Структура прагматики состоит в том, что за знаками  не стоит понятие. В ситуации войны мне надо выжить и предпринять ряд очень конкретных действий – снять валенки, перешагнуть через мертвеца с татуировкой на руке, упасть и укрыться от взрыва.
Поэтому интерпретация знаков войны должна идти не через понимания наблюдателем происходящего, а через его прагматики, провоцирующие последовательности знаков.
Исходя из этого, задачу реконструкции структуры семиозиса для наблюдателя В41 можно решить через выявление фрактальной структуры наблюдения. Фрактальность структуры состоит в наличии постоянно множащейся цепочки знаков-деталей, не сводящейся к образу, понятию, представлению.
В41 различает детали – валенки, незабудки. Различает знаки смерти. Эти знаки могут увеличиваться как снежный ком, нарастать до бесконечности, не рождая понимания.
И по скорости рождения этих новых знаков можно судить, что мы имеем дело с семиотическим фракталом – знаково-понятийным "монстром".
"Монстр" потому и "монстр", что знаки не рождают смыслов-понятий.
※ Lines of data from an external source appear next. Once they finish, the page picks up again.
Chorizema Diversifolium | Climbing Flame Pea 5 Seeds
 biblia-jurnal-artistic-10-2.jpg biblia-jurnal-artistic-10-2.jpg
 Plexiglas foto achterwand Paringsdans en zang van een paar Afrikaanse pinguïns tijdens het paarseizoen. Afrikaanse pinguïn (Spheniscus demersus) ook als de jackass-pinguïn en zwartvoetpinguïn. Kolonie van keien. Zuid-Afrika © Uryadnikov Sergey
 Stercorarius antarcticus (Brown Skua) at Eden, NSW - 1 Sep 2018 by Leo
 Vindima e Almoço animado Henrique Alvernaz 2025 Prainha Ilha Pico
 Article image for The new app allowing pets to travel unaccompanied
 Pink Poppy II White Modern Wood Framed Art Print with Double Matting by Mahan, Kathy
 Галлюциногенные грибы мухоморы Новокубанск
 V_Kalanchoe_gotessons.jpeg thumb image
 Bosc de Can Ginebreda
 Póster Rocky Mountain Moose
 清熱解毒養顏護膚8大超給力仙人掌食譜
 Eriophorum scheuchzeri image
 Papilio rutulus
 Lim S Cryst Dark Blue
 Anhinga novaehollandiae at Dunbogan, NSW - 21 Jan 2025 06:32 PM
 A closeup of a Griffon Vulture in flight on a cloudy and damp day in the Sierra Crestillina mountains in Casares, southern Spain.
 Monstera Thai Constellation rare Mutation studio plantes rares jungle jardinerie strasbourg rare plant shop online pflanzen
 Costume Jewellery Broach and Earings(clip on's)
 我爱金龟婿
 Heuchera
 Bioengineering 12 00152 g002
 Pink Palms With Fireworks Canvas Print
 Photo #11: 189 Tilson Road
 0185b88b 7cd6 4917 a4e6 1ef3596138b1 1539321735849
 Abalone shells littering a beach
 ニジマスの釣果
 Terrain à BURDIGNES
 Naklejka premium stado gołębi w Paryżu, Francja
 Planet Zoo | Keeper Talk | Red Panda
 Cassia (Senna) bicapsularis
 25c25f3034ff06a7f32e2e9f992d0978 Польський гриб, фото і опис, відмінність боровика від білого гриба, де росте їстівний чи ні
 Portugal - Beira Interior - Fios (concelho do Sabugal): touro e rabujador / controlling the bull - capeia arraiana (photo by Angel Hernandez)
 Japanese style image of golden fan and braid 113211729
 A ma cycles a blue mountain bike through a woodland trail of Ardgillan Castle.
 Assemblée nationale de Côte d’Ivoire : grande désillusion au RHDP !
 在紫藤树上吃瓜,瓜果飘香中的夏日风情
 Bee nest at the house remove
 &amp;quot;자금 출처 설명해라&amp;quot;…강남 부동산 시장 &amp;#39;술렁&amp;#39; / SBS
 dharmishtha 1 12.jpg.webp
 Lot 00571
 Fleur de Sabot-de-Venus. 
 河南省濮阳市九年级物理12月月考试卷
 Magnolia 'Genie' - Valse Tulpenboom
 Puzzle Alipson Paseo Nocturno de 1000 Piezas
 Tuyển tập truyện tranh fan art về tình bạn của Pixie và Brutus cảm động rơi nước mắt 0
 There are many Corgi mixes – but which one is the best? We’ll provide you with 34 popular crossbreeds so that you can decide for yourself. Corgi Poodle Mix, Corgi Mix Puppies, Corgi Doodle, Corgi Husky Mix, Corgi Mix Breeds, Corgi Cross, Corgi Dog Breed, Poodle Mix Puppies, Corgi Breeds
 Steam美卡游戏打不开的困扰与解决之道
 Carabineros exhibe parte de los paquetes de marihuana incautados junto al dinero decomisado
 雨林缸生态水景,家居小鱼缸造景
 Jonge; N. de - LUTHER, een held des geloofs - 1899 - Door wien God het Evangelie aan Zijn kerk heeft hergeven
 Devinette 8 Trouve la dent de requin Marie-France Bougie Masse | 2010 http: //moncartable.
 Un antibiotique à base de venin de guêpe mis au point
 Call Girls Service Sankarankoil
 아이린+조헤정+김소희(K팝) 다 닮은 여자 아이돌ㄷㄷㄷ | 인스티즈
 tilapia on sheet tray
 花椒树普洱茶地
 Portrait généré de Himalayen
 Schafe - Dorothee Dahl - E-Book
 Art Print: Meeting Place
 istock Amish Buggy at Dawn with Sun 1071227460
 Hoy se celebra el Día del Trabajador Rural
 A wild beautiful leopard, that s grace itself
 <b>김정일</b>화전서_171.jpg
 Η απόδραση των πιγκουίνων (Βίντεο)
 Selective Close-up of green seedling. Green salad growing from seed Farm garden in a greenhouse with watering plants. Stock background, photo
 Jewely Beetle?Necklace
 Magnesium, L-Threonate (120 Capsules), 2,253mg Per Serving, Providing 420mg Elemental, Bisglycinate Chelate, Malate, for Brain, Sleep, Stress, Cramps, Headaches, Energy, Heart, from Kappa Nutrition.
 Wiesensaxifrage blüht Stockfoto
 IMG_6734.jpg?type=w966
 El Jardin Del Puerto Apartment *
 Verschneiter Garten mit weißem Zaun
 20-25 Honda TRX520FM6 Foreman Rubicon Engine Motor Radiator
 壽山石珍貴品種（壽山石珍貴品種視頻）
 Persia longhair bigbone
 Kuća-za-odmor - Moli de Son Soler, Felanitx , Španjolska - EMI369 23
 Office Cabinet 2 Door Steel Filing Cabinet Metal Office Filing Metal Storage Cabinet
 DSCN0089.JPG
Ситуация войны бессмысленна и безумна.
Своеобразным "монстром" является и наблюдатель В41. Он отстранен от понятия смерти, он безнравственен, он бесчеловечен с позиции нормального "классического" наблюдателя, видящего за знаками понятия и ценности.
Итак, для В41 знаки это не повод для мысли, не повод для понятия, а повод для действия, для реакции – снять валенки, упасть, кинуть гранату, спрятаться.
По сути, В41, это такой же мертвец. Это тело, реагирующее на внешние раздражители. Реакции немного иные, чем реакции тела мертвеца, но в общем, подобны.
Можно посмотреть иначе – мертвец такой же живой как В41. Поэтому знаки, наблюдаемые  В41, это знаки отождествления. И тогда нет ничего странного в том, что мертвец недвижно глядит в небо. Мертвец смотрит так же как и живой. Мертвец помнит – его татуировки – знаки памяти о другом человеке.
Мертвецу придается статус живого наблюдателя. А если это так, то между наблюдателем В41 и мертвецом идет общение – осуществляется коммуникация.
Основанием для этой коммуникации является подобие мертвеца и В41. Знаки, видимые В41 бессмысленны и не отсылают к пониманию смерти, знаки на теле мертвеца (шинель, татуировка) так же потеряли смысл, они симулируют понимание, но не понимают. Знаки лишились понятий, лишились коммуникативной нагруженности, присущей мертвецу до его смерти.
Фрактальный "монстр" безумен – у него нет ума, нет понимания. И только В57 – наблюдатель, припоминающий смерть тогда, в 41 году через стих пытается выйти из безумия войны, пытается превратить фрактал в линию.